Alternative——-> CoUntry

 

The best songs, the thinking goes, are the ones written from real-life experiences, but those experiences sometimes exact a heavy toll.

Josh Smith, the singer and songwriter for Handsome and the Humbles, knows that all too well. “Alt-Country,” the new album by the Knoxville-based Americana outfit, is built on a foundation of loss that knocked the gregarious and affable frontman to his knees … but in so doing, gifted him with a record that smolders like the orange coals of a once mighty conflagration.

“None of these songs are really about my dad, but the sadness I experienced from his death, as well as the loss of my marriage, is pretty much the foundation of this album,” Smith says.

It’s a profoundly intimate affair, evolving from the skeletal framework of scribbled lyrics in the dead of night and rudimentary chords on an acoustic guitar.
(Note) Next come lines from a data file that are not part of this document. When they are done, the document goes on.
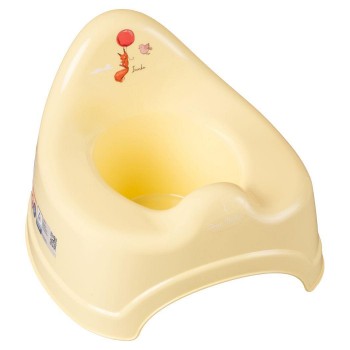 Горшок Tega FOREST FAIRYTALE Potty FF-091-109 light yellow (желтый)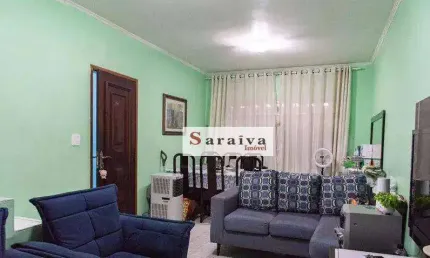 Sobrado com 2 dormitórios à venda, 108 m² por r$ 570.000,00 - vila caraguatá - são paulo/sp
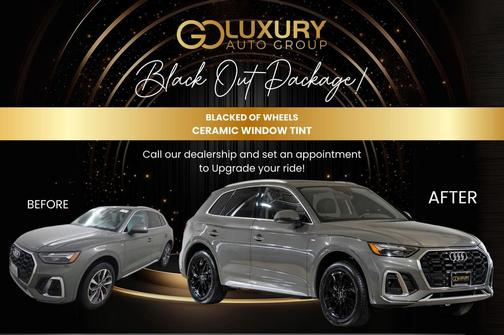 2023 Audi Q5 45 S line Premium Plus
Upon those bones, Smith and guitarist Josh Hutson began to bring the record to life in Hutson’s garage (affectionately nicknamed “The Ding Don Den”) using an iPhone interface to record everything but drum tracks on three songs.

“I’d lay down an acoustic track, he’d do electric, then I’d do bass and vocals, and we’d go back and do background vocals,” Smith says. “They started sounding better than we anticipated, so we just decided that since it’s so hard to get everyone together, we’d just release what we have.”

Along the way, they migrated to professional studios and recording spaces, adding band members (guitarist Marcus Balanky, former-and-sometimes-fill-in drummer Lauryl Brisson) and friends (drummer Kris “Tugboat” Killingsworth, organist Matt Coker) to sculpt the tracks into a fully realized new record.

The finished creation is both warm and familiar and a startling departure, made evident by the opening track “Be Around.” Ruminations on friendships during those dark times buoyed his spirits and inspired the shimmering ambiance that owes as much to the Flaming Lips as it does to any alt-country touchstones to which Handsome and the Humbles compare.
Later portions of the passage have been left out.